Gunfire rang out across the camp.

The consciousness did not spare time to watch everyone else devolve into chaos. It was vaguely aware of the shouting and the running about that commenced all around it as people leapt for weapons or to wake up their still-sleeping comrades, but it was headed only in one direction, and that was the direction of the gunfire, for the noise rang on through all the panic, unceasing.

When it passed between the last row of tents, the consciousness dug its heels into the gravel and skidded to a halt. A row of four guards stood with their guns raised, firing, reloading, and firing again, their backs turned to the camp. They did not even notice the consciousness’s arrival.

Beyond them, a long line of figures approached.

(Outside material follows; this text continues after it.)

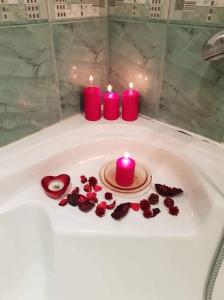 a group of candles and roses in a bath tub at Guest House Karov - 2 Stars in Chepelare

The consciousness was not wholly able to look at them. It knew roughly where they stood and much of how they looked, but somehow it was as though it did not want to know, as though there was something steering its attention away from them, whispering to it not to look at them, not to even acknowledge their presence. It was no wonder that each shot flew harmlessly past the figures.

What it could tell was that they were tall and humanoid, they seemed to be clothed in black, their skin was pale, and they walked slowly and deliberately, like they knew what they had to do and were simply, calmly getting it done.